HeatmapScaling is used by the heatmap widget’s state, but the operations it represents (Hz conversion, z-score, min-max) are generic. A PSTH widget would need a near-identical PSTHNormalization enum as the roadmap already sketches.


Design Goals

  1. Method-agnostic output: The output of any estimation method should be a simple (times, values) pair, optionally with uncertainty bands.
  2. Per-trial access: The estimation layer should be able to produce per-trial rate curves (for variability/CI computation) without duplicating the estimation logic.
  3. Composable normalization: Normalization transforms should operate on any (times, values) data, not just RateProfile.
  4. Extensible estimation: Adding Gaussian kernel smoothing or adaptive methods should require adding one function, not modifying every downstream struct.
  5. Uncertainty as a first-class concept: Error bars / confidence bands should be representable in the output without bolting them on later.

Proposed Architecture

Layer Diagram

┌─────────────────────────────────────────────────────────┐
│                    Widget Layer                          │
│  HeatmapOpenGLWidget / PSTHPlotOpenGLWidget             │
│  Consumes RateEstimate, feeds mappers/renderers         │
└────────────┬────────────────────────┬───────────────────┘
             │                        │
     ┌───────▼────────┐    ┌─────────▼──────────┐
     │  Normalization  │    │  Uncertainty (opt)  │
     │  normalize()    │    │  computeCI()        │
     │  zScore()       │    │  bootstrap()        │
     │  minMax01()     │    │                     │
     └───────┬────────┘    └─────────┬──────────┘
             │                        │
     ┌───────▼────────────────────────▼──────────┐
     │            RateEstimate (output)           │
     │  std::vector<double> times                 │
     │  std::vector<double> values                │
     │  size_t num_trials                         │
     │  std::optional<PerTrialData> per_trial     │
     └───────────────────┬───────────────────────┘
                         │
     ┌───────────────────▼───────────────────────┐
     │          Estimator Functions                │
     │  estimateBinned(gathered, tf, window, p)   │
     │  estimateKernel(gathered, tf, window, p)   │
     │  estimateAdaptive(gathered, tf, window, p) │
     └───────────────────┬───────────────────────┘
                         │
     ┌───────────────────▼───────────────────────┐
     │        UnitGatherContext (unchanged)        │
     │  key, gathered, time_frame                  │
     └───────────────────────────────────────────┘

Core Output: RateEstimate

/// The universal output of any rate estimation method.
/// Always a paired (times, values) suitable for direct plotting.
struct RateEstimate {
    std::vector<double> times;      ///< Evaluation time points (relative to alignment)
    std::vector<double> values;     ///< Estimated values at each time point
                                    ///  (raw count, rate, or whatever the estimator produces)
    size_t num_trials = 0;          ///< Trials that contributed to the estimate
};

Why this is better: - times[i], values[i] is immediately plottable — no reconstruction needed. - For binning, times are bin centers (e.g., a 10 ms bin covering [-100, -90) reports times[i] = -95). Consumers that need rectangle geometry (like the heatmap mapper) can reconstruct left edges from the metadata’s sample_spacing. - For kernel smoothing, times would be a regular evaluation grid (e.g., every 1 ms). - For adaptive methods, times could be irregularly spaced. - No bin_width field — that’s a property of the BinningParams, not the output.

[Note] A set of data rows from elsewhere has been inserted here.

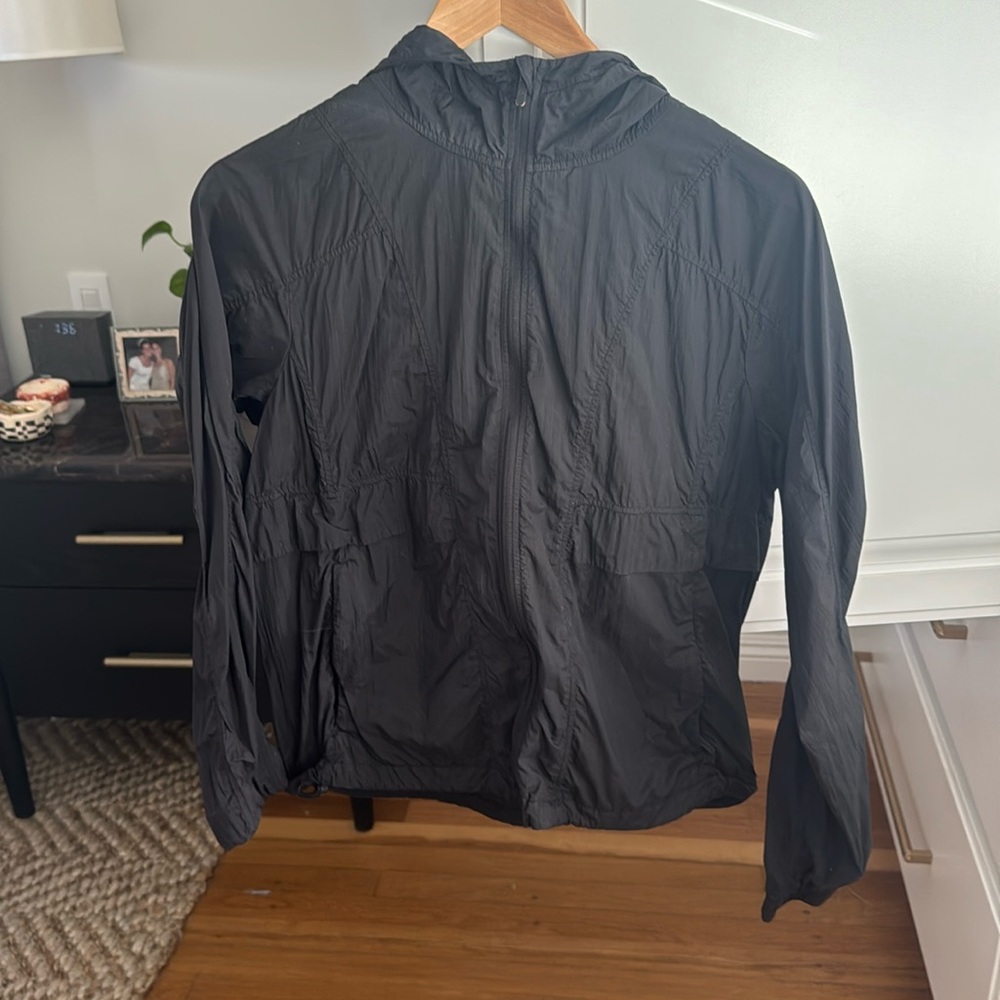 Women’s EUC Lululemon black, hooded windbreaker. M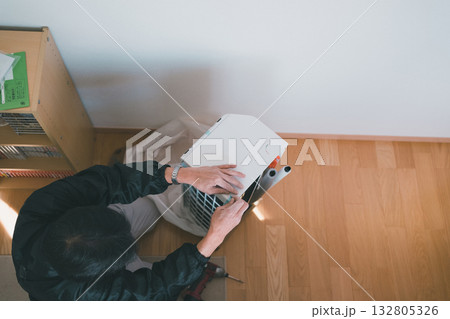 installation of an air conditioner installation of an air conditioner 132805326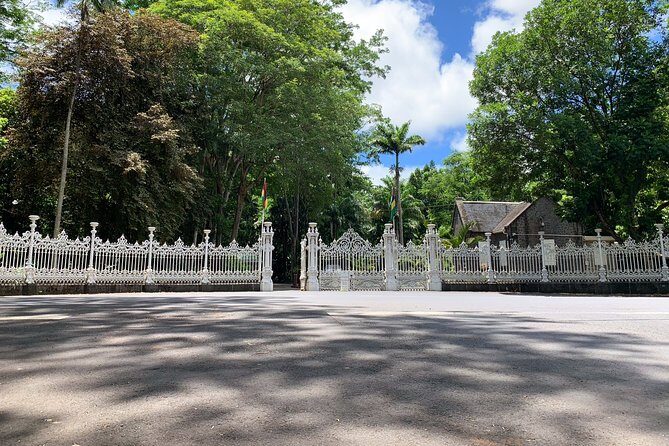 Full Day Private custom Tour with Drive-Guide in Mauritius - Admission Ticket Included: What That Means for Your Budget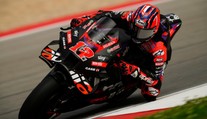 Sprint MotoGP ovládl Viñales, pódium pro Márqueze. Bagnaia čtvrtý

Per-Trial Data (for Uncertainty and Z-Score)

/// Optional per-trial breakdown, computed by estimators that support it.
/// Each row is one trial's rate curve, evaluated at the same `times` as the
/// aggregate RateEstimate.
struct PerTrialData {
    /// trials × time_points matrix (row-major: per_trial_values[trial][time_idx])
    std::vector<std::vector<double>> per_trial_values;
};

/// Extended output when per-trial data is requested.
struct RateEstimateWithTrials {
    RateEstimate estimate;                ///< Mean/aggregate estimate
    PerTrialData trials;                  ///< Per-trial breakdown
};

Key insight: Z-score, SEM, and confidence intervals all require knowing the distribution across trials. Currently, z-score is computed across time bins within a unit (which is a within-unit normalization). If you also want across-trial z-score or CI, you need the per-trial matrix. Having PerTrialData optionally available from the estimator is cleaner than trying to reconstruct it after the fact.

Whether you compute z-scores across time bins (current behavior) or across trials is a separate question — both are valid, and they answer different questions. The current within-unit z-score answers “which time bins have unusually high/low rates for this unit?” An across-trial z-score at each time bin would answer “how many standard deviations is the mean rate at this time bin from the overall mean across trials?” The per-trial data supports both.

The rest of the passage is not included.